The work function \(\varPhi \) of a metal can be defined as the difference between the energy of an electron at some distance \(d\) outside of a solid \(E_{\mathrm {out}}\) and the energy of the highest occupied electron level (at zero temperature), i.e. the Fermi energy, thus

$$\begin{aligned} \varPhi (d) = E_{\mathrm {out}}(d) - E_{\mathrm {F}}. \end{aligned}$$

(9.1)

This corresponds to an operative definition of the work function as the minimum energy to bring an electron from the solid to some distance \(d\) outside the solid. The kinetic energy of the electron outside the solid is considered as zero. Note that with this definition the work function depends on how far the electron is removed from the surface.

As a limiting case, the energy to bring the electron from inside the solid to infinity can be considered. Let us consider an infinite crystal filling a half space and being terminated by an infinite surface of specific orientation.
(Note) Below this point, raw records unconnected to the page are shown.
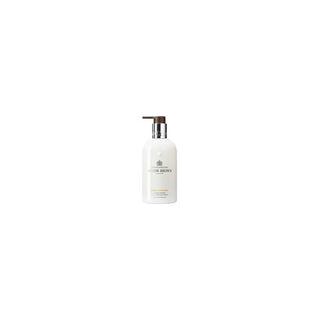 Molton brown Flora Luminare Hand Lotion 300ml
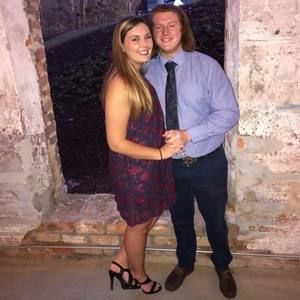 Meet your Posher, Jacob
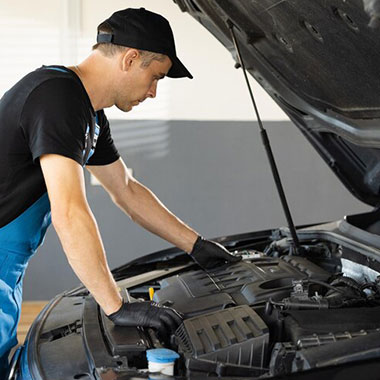 mechanical breakdown insurance in newzealand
If the position of the electron outside of the solid is infinitely far from the solid \(E_{\mathrm {out}}\) will be the vacuum energy at infinite distance from the surface \(E_{\mathrm {vac}}^\infty \) and the work function results as

$$\begin{aligned} \varPhi = E_{\mathrm {vac}}^\infty - E_{\mathrm {F}}. \end{aligned}$$

(9.2)

The usual definition of the work function as difference between vacuum energy and Fermi energy hides the fact that the vacuum energy depends on the distance of the electron from the surface.

The work function has two main contributions; one is due to the binding of the electrons inside a solid. Theoretically, one can consider the binding of the electrons inside a solid with different levels of sophistication, from the simple nearly free electron model, the tight binding model, up to ab initio calculations. The essence is always the same: The electrons are bound to the nuclei and this bonding corresponds to a lower energy of the electrons in the solid compared to free electrons. A second contribution to the work function arises due to the passage of the electron through the surface layer, which we will discuss in the following.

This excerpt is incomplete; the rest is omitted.